Write the grain in one line: one row equals which business entity, at which time boundary, and what state or event qualifies it.
Name the key or key combination that should be unique at that grain, and what should happen when duplicates appear.
List the joins that preserve the grain and the ones that require reshaping or pre-aggregation first.
Mark which measures are safe to sum, count, or average from the model.
Add one test that fails when the declared grain starts duplicating.

That is enough context to block most accidental many-to-many joins before they ship.

Example

This is the lightweight grain note I would want next to a business-critical order model:

Field	Value
Model	fct_customer_orders
Declared grain	one row = one completed order_id
Expected unique key	order_id
Safe joins	dim_customers on customer_id (many orders to one customer) dim_dates on order_date (many orders to one date)
Unsafe without reshaping first	fct_sessions on customer_id ad_clicks on customer_id
Safe measures from this model	sum(revenue_usd) count(order_id) avg(order_value_usd)
First grain test	fail if count(*) != count(distinct order_id)

Now imagine the data looks like this:

fct_customer_orders

order_id	customer_id	revenue_usd
1001	C42	120
1002	C77	80

fct_sessions

session_id	customer_id	channel
s1	C42	paid
s2	C42	email
s3	C42	organic
s4	C77	paid

A direct join can look innocent:

select
  s.channel,
  sum(o.revenue_usd) as revenue_usd
from fct_customer_orders o
join fct_sessions s
  on o.customer_id = s.customer_id
group by 1

If I run that, order 1001 shows up three times because customer C42 had three sessions.
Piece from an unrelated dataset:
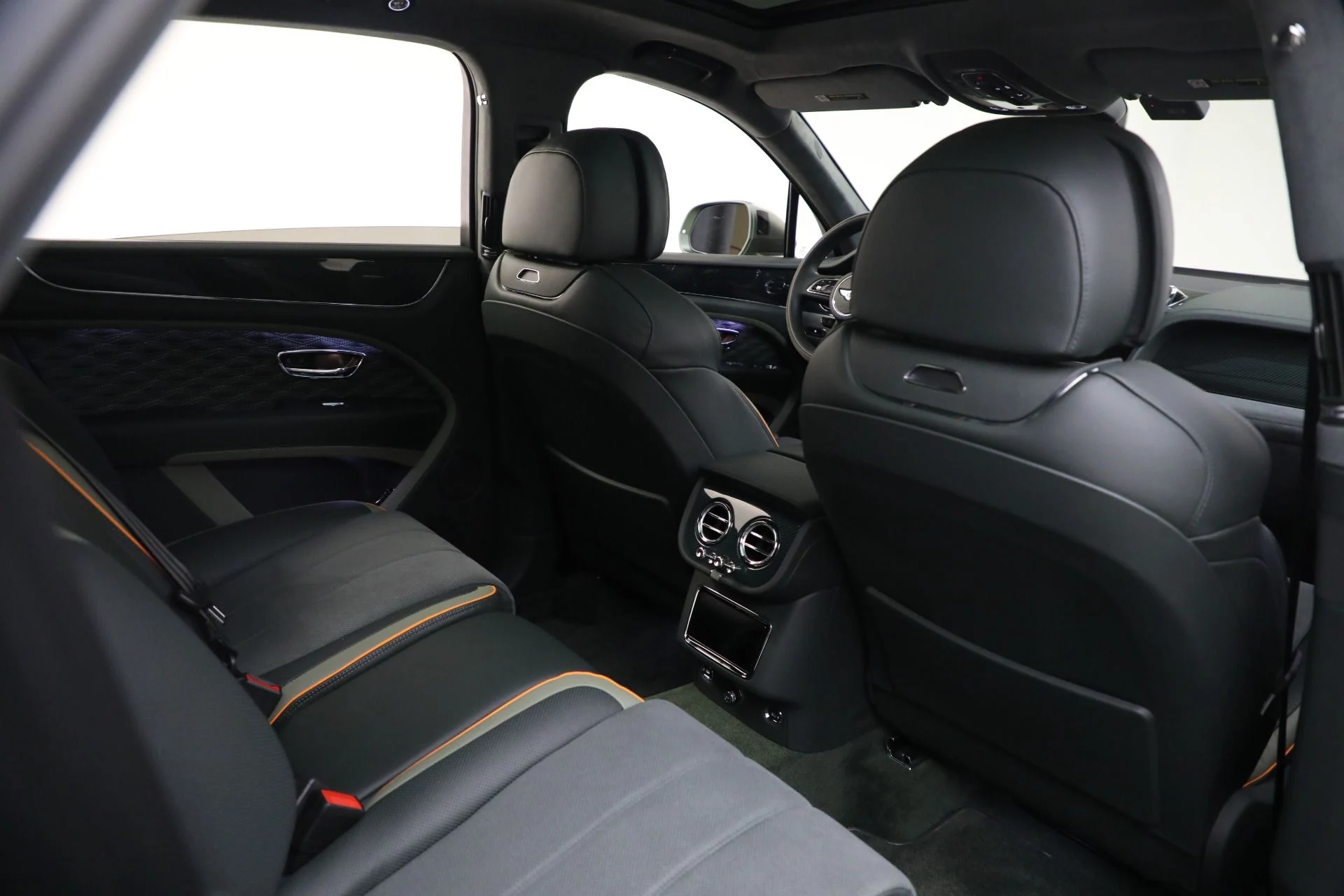 mph024_1014306850_New_2027_BENTLEY_BENTAYGA_SPEED_1761837159_476c37d34c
Revenue becomes 440 instead of 200.

The safer move is to reshape the session side to order grain before I bring it onto the order model. I pick one attribution rule, build a helper model with one row per order_id, and join that helper back to orders. Once both sides share grain, the revenue sum is safe again.
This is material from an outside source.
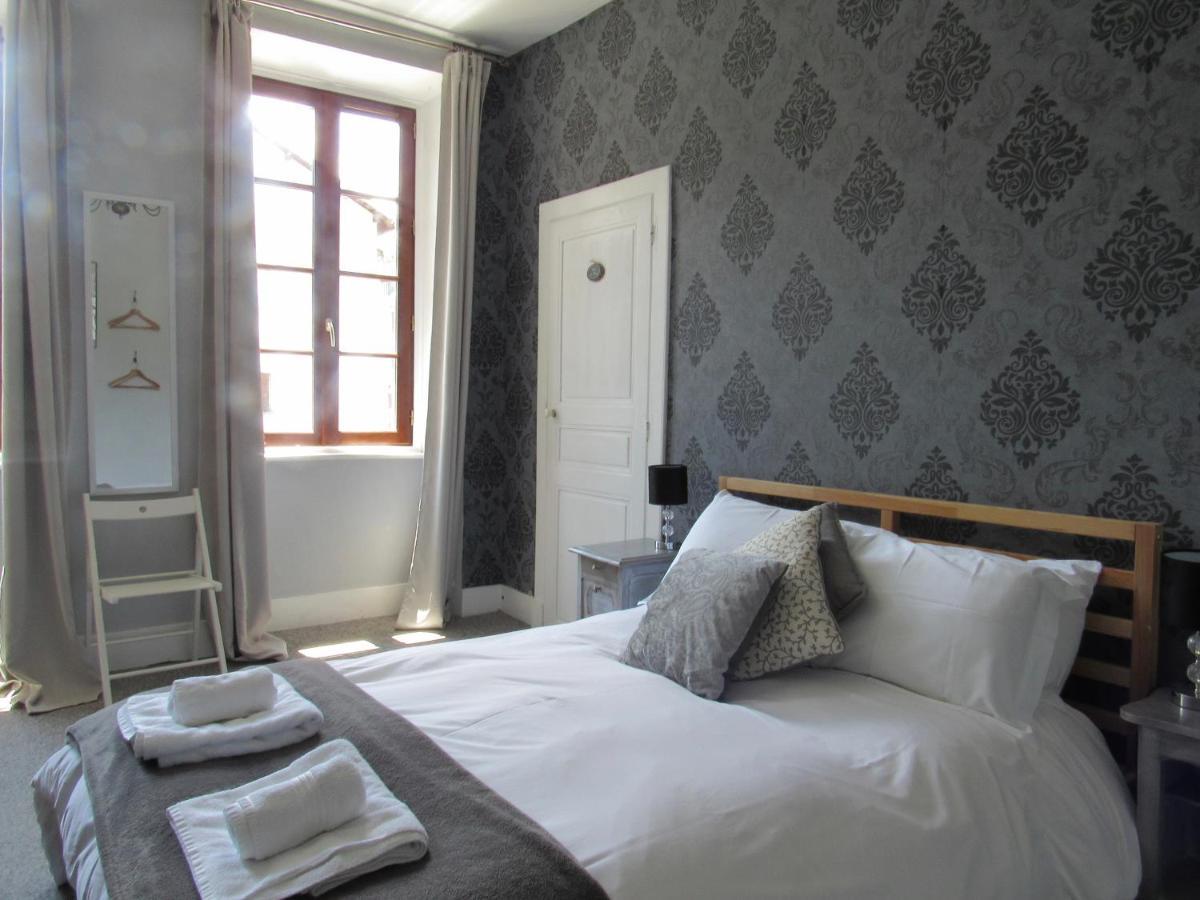 Les Deux Rives Bed & Breakfast Cierp Eksteriør bilde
If row counts stay roughly stable while duplicates sneak into the declared key, I fall back to the check set I use before I trust a pipeline. Stable volume does not protect me from grain drift.

Tradeoffs

Breaks when: a legacy model already mixes order, order-line, and session logic in one table → Mitigation: write the current grain note first, mark unsafe measures clearly, and split the highest-risk use case into a cleaner model before attempting a full rewrite.
Breaks when: source keys are unstable and duplicates are normal upstream behavior → Mitigation: quarantine raw duplicates, state that the curated model is not yet authoritative, and tighten the source rule before downstream teams start summing it.
Breaks when: one business question genuinely needs two grains, such as order conversion and session behavior in the same analysis → Mitigation: keep separate models for each grain and join only after pre-aggregating both sides to the decision grain.
Breaks when: code review checks SQL syntax and row counts but never checks key duplication → Mitigation: add one uniqueness test on the declared grain and treat failures there as trust failures, not minor cleanup.

Close

Next step: Pick one business-critical model and write down the grain, expected key, and one join you would block before the next pull request touches it.

Which model on your team is one quiet rename away from a mixed-grain row that joins still trust?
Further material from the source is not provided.